§ **Given data**
****

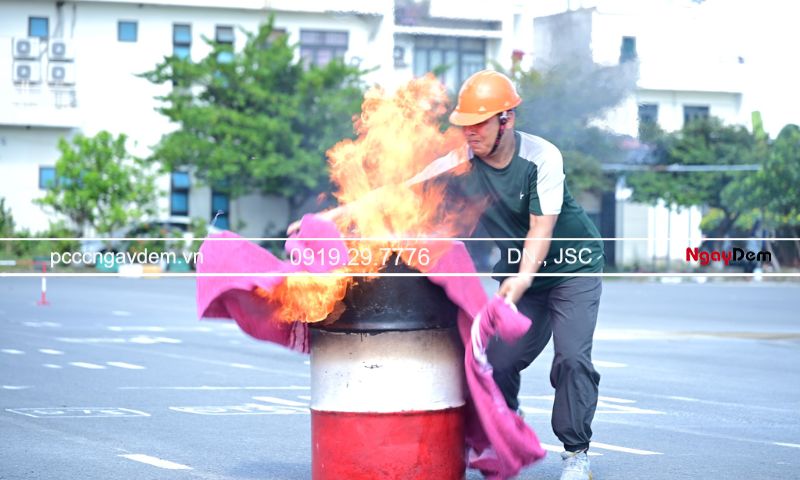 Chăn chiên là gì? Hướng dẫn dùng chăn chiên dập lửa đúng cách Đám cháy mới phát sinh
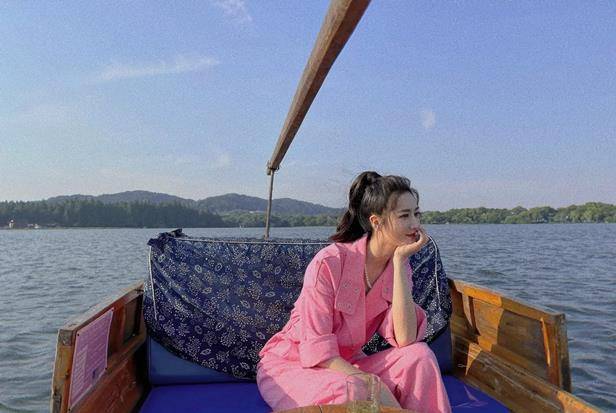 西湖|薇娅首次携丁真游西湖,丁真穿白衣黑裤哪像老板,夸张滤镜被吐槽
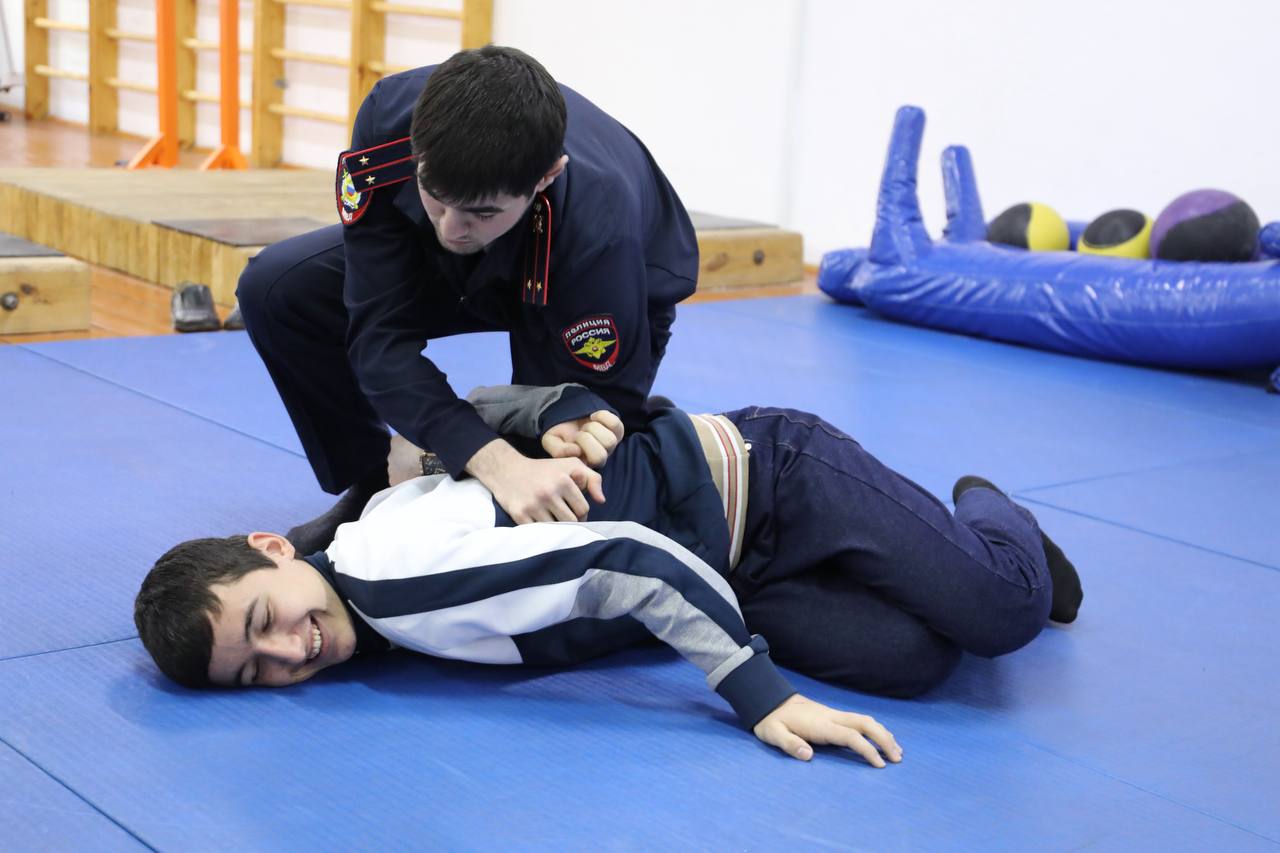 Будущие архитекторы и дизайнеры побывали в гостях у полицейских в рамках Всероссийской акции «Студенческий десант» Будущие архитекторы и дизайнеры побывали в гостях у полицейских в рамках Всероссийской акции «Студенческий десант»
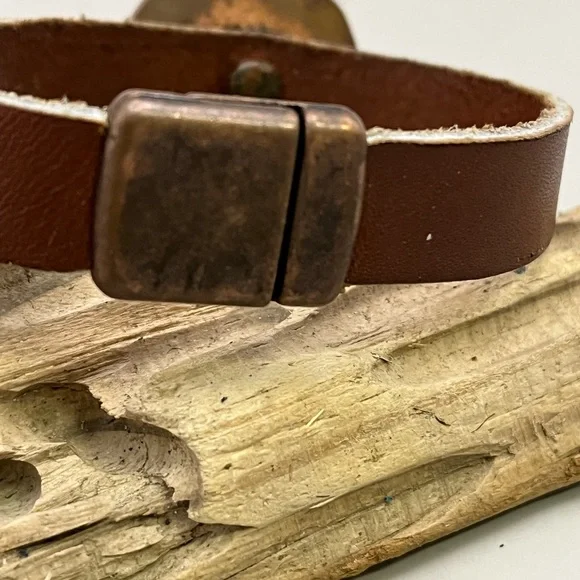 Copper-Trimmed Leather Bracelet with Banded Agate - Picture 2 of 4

****

§ **Problem**
Could the material above be written out again word for word, with the pictures dropped?

§ **Solution**
 Chăn chiên là gì? Hướng dẫn dùng chăn chiên dập lửa đúng cách Đám cháy mới phát sinh
 西湖|薇娅首次携丁真游西湖,丁真穿白衣黑裤哪像老板,夸张滤镜被吐槽
 Будущие архитекторы и дизайнеры побывали в гостях у полицейских в рамках Всероссийской акции «Студенческий десант» Будущие архитекторы и дизайнеры побывали в гостях у полицейских в рамках Всероссийской акции «Студенческий десант»
 Copper-Trimmed Leather Bracelet with Banded Agate - Picture 2 of 4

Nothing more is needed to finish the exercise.